Scatterplots. You may not know them by name, but if you spend more than 10 minutes online you’ll find them everywhere. They’re popular in news articles, in the data science community, and, perhaps most crucially, for Internet memes about the digestive quality of pancakes.
By depicting data as a mass of points across two axes, scatterplots are effective in visualizing trends, correlations and anomalies. But using them for large datasets often leads to overlapping dots that make them more or less unreadable.
Researchers from MIT’s Computer Science and Artificial Intelligence Laboratory (CSAIL) say they’ve solved this with a new open-source system that makes it possible to create interactive scatterplots based on large-scale datasets that have upwards of billions of distinct data points.
Called “Kyrix-S,” the system has an interface that allows users to pan, zoom and jump around a scatterplot as if they were looking at directions on Google Maps. Whereas other systems developed for large datasets often focus on very specific applications, Kyrix-S is generalizable enough to work for a wide range of visualization styles, including heatmaps, pie charts and radar-style graphics. (The team showed that the system allows users to create visualizations with 800 percent less code compared to a similar state-of-the-art authoring system.)

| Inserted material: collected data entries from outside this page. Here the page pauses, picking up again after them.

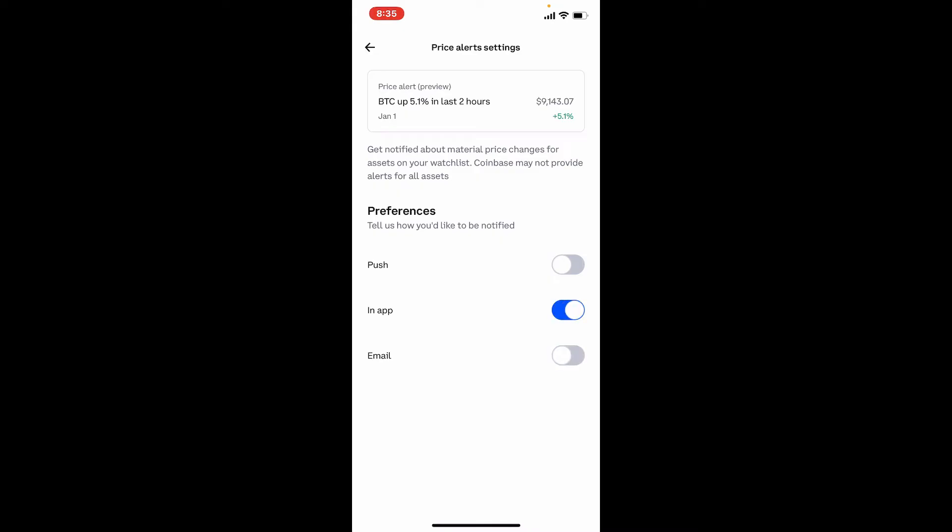Price alerts is used for receiving alerts for assets on your watch list. These alerts will notify you whenever there are large swings in price over a short period of time.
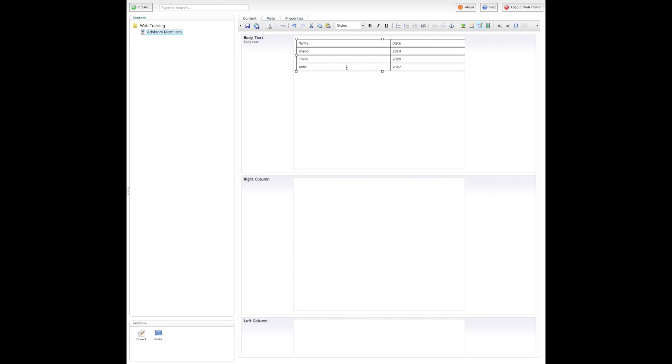I needed to add another row here, because I didn't include enough for my table. So from here, my cursor is in this last row, I can right click, and I'm given some extra options.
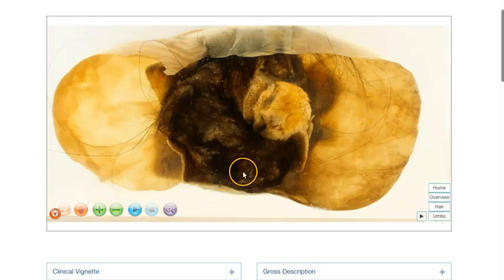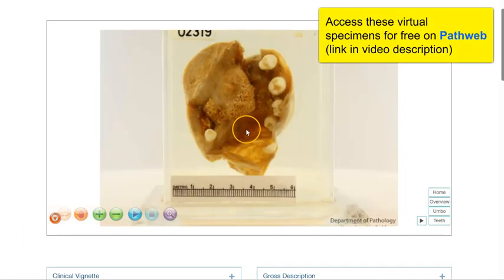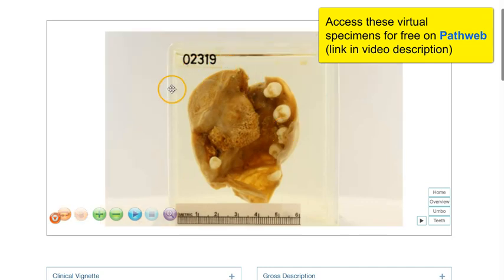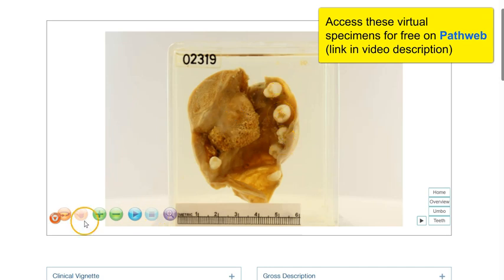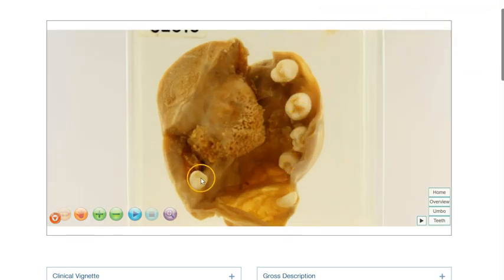Let's look at another example of a mature cystic teratoma. What is very obvious in this specimen is the solid area or the umbo, as well as the presence of very well-formed teeth. So we can see these teeth.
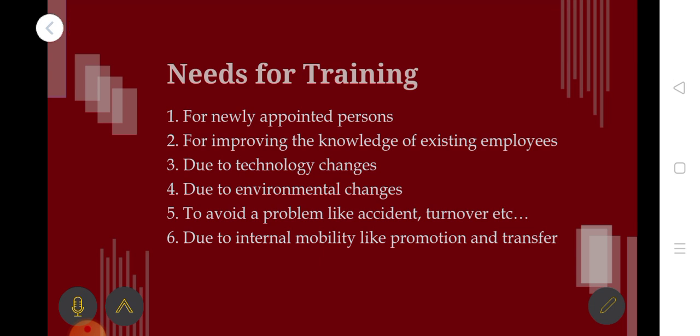The next need is due to technology changes. We need to adapt to those changes.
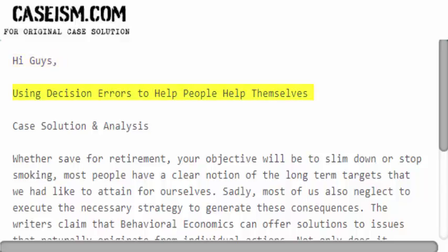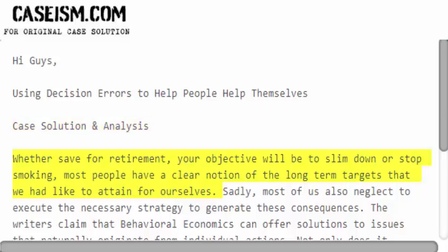Hi guys! Using decision errors to help people help themselves — case solution and analysis.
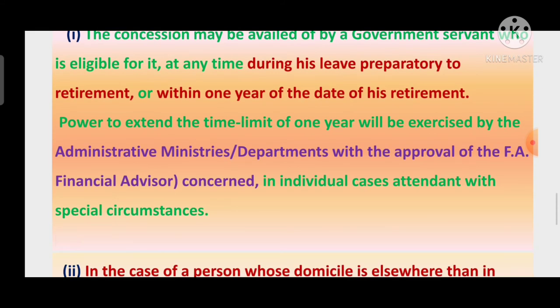The one year time limit may be extended। Power to extend the time limit of 1 year will be exercised by the administrative ministries or departments with the approval of the financial advisor concerned, in individual cases attendant with special circumstances।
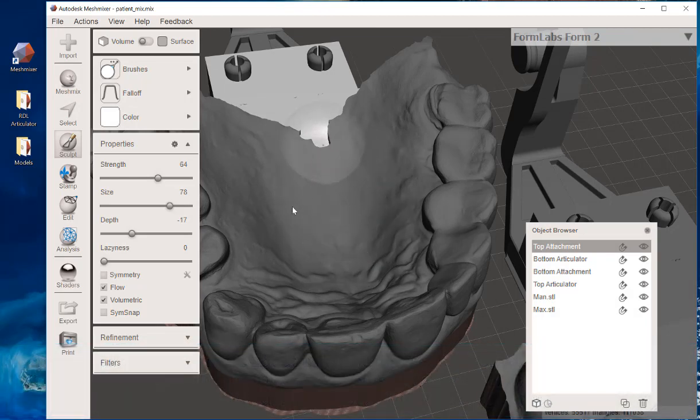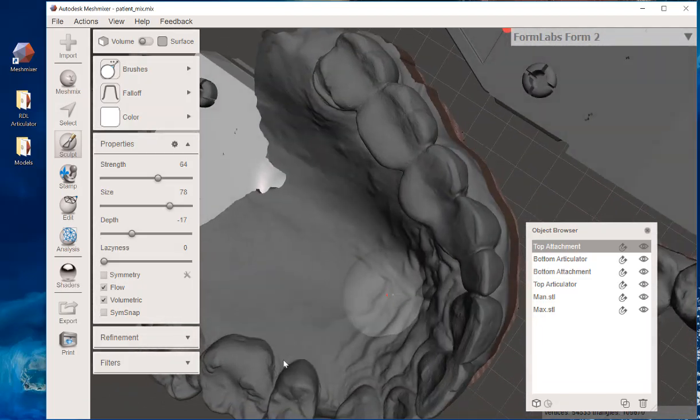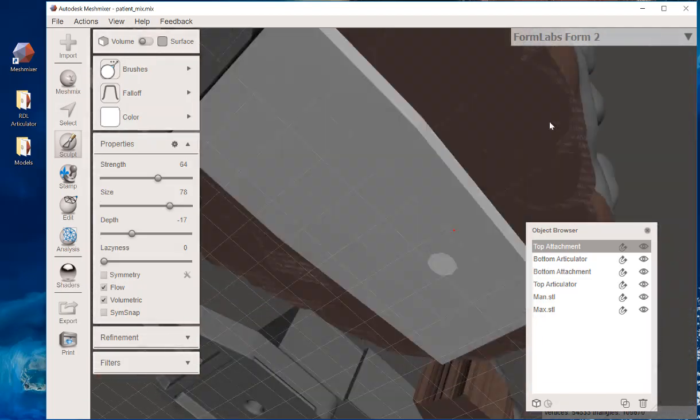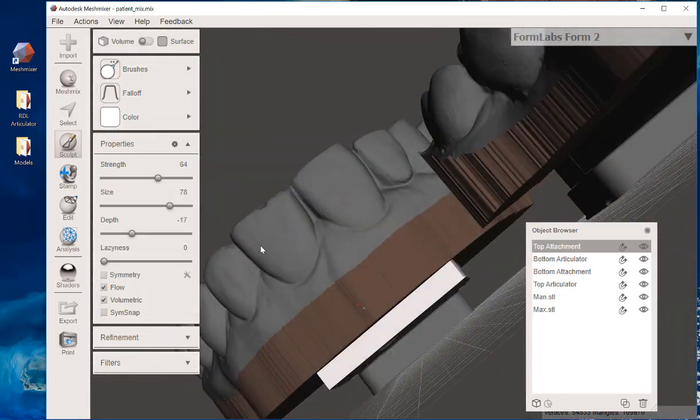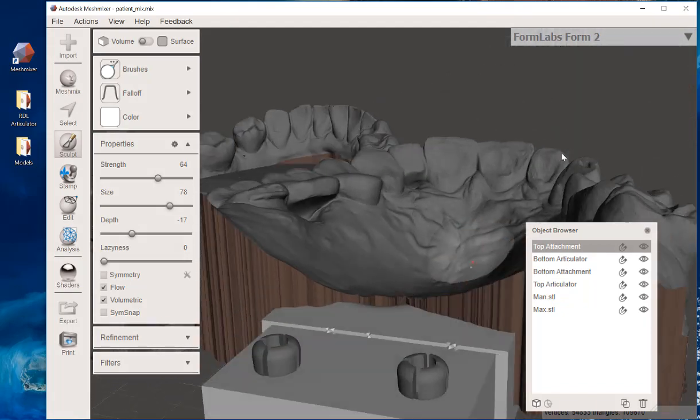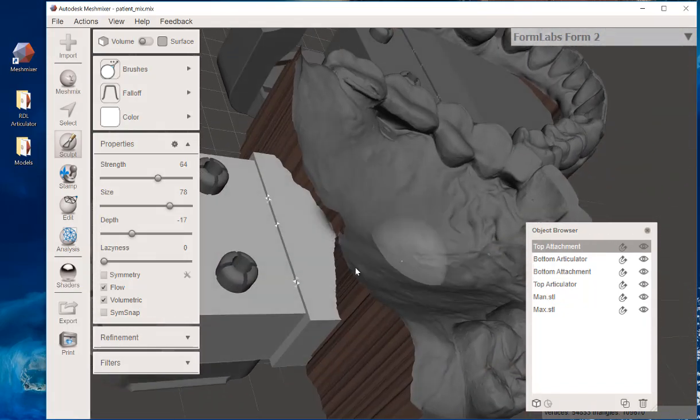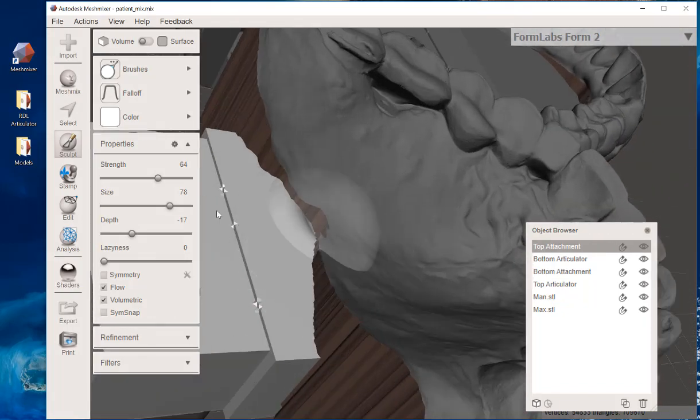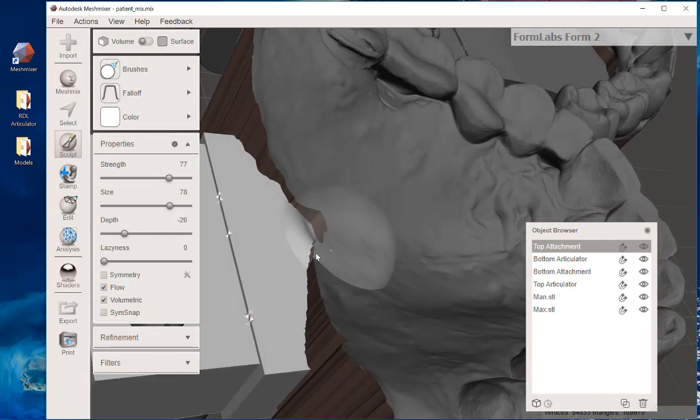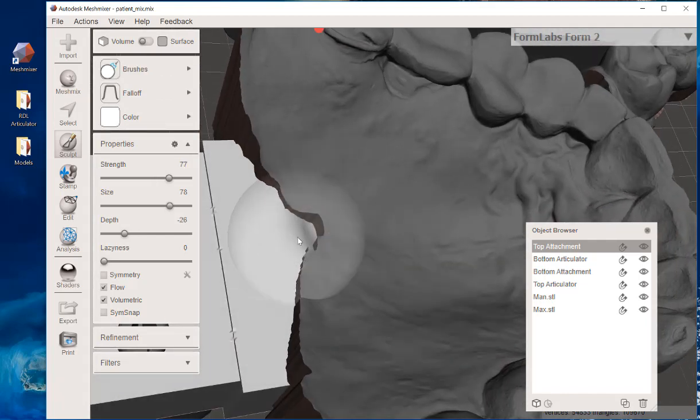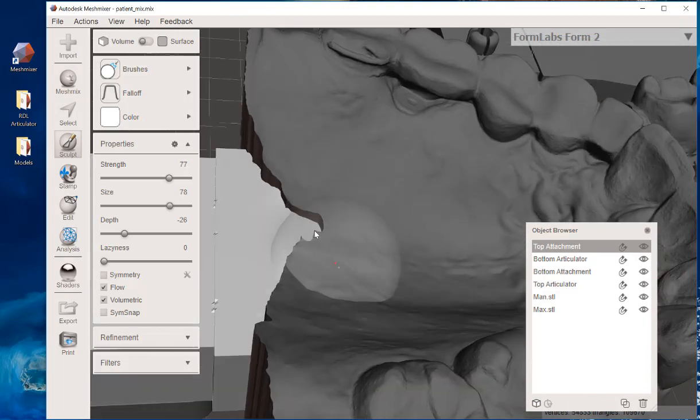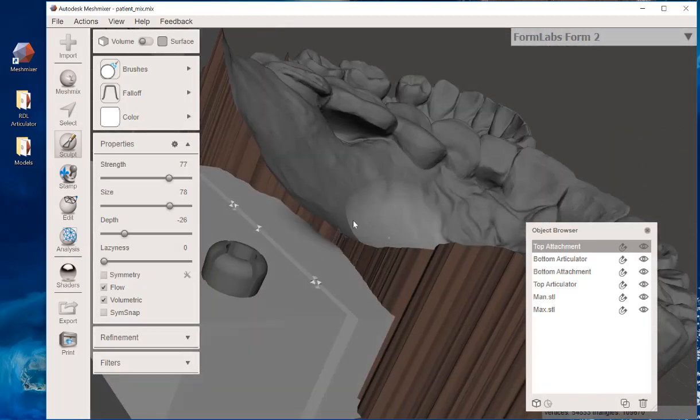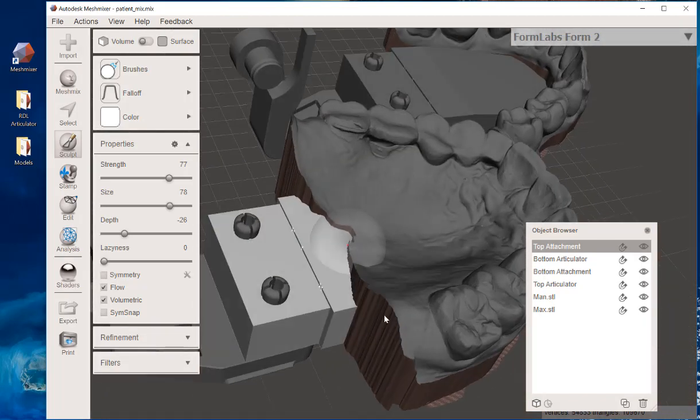And when you do that, it now has effectively blended those two files together. Just as a final touch-up, you don't have to do this, but I like to just to make it look good. Brushes, Shrink Smooth, no Control. Just hold down that left key and get that to blend in, and it's going to look gorgeous right there at that little junction.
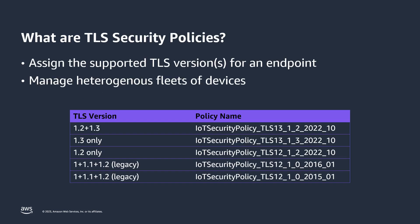TLS Security Policies are a concept added to IoT Core that allow you to assign the supported TLS version or versions for each of your IoT Core endpoints or domains. At the time of this video being recorded and depending on your selected AWS region, there can be up to five TLS Security Policies to choose from. Please consult the Developer Guide for full details on the TCP ports and cipher suites supported by each policy. The two legacy policies are only available in selected regions and should not be used for new designs.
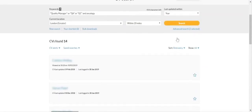On this occasion, 14 CVs have been found that match all of the search criteria.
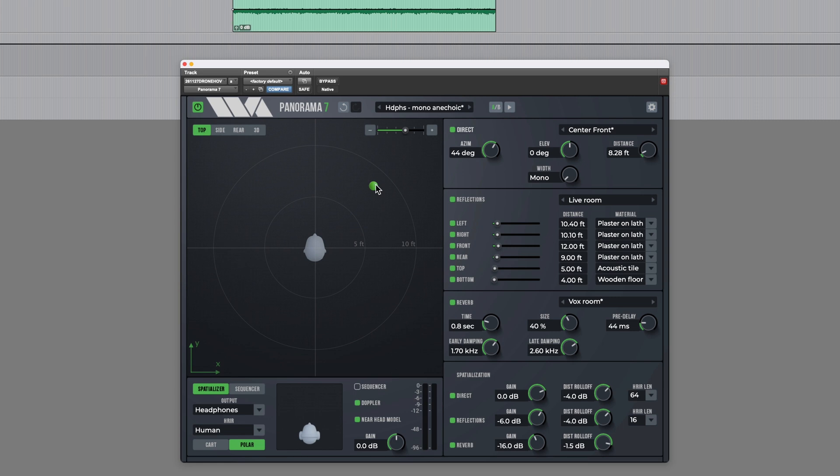In this video, I demonstrated it with the headphone setting, but it can be used to create similar effects over stereo speakers too. For more information head over to the production expert blog or go to wavearts.com. Thanks for watching.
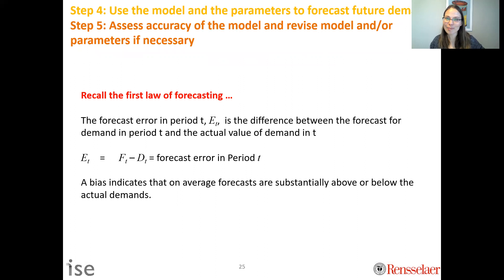Now we have a model. We use it and its parameters to forecast future demand, then assess the accuracy and revise as necessary.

Users can produce a scatterplot by just writing a few dozen lines of JSON, a human-readable text format. For example, the system turns this:
...into this:
Lead developer Wenbo Tao, a PhD student at MIT CSAIL, gives the following example of a static New York Times scatterplot (below) that he says would improve by being made interactive via a system like Kyrix-S.
“In these scatterplots, you are able to see overall trends and outliers, but the overplotting and the static nature of the plot limit the user's ability to interact with the chart,” says Tao.
In contrast, Kyrix-S can produce a version (below) that puts data in several zoom levels, enabling interaction with each county. To avoid overplotting, Kyrix-S’ scatterplot also shows only the most important examples, like the most populous counties.
“As a visualization researcher I am constantly at the edge of data sizes that are possible to visualize, which forces me to summarize or partition my data to get any insights,” says Kristi Potter, a data visualization scientist at the National Renewable Energy Laboratory who was not involved in the research. “With Kyrix-S, it’s possible to use all of the data, providing much more confidence in visualizations of large-scale data.”
Kyrix-S is currently being used by Data Civilizer 2.0, a data integration platform developed at MIT. An earlier version was also employed to help Massachusetts General Hospital (MGH) analyze a massive brain activity dataset (EEG) that clocks in at 30 terabytes - the equivalent of more than 50,000 hours of digital music. (The goal of that study was to train a model that predicts seizures, given a series of 2-second EEG segments.)
Moving forward, the researchers will be adapting Kyrix-S to work as part of a graphical user interface. They also plan to add functionality so that the system can handle data that is being continuously updated.
Tao wrote a paper about Kyrix-S alongside MIT adjunct professor Mike Stonebraker, researchers Xinli Hou and Adam Sah, PhD graduate Leilani Battle and professor Remco Chang of Tufts University. It will be presented virtually at IEEE’s VIS data visualization conference October 25.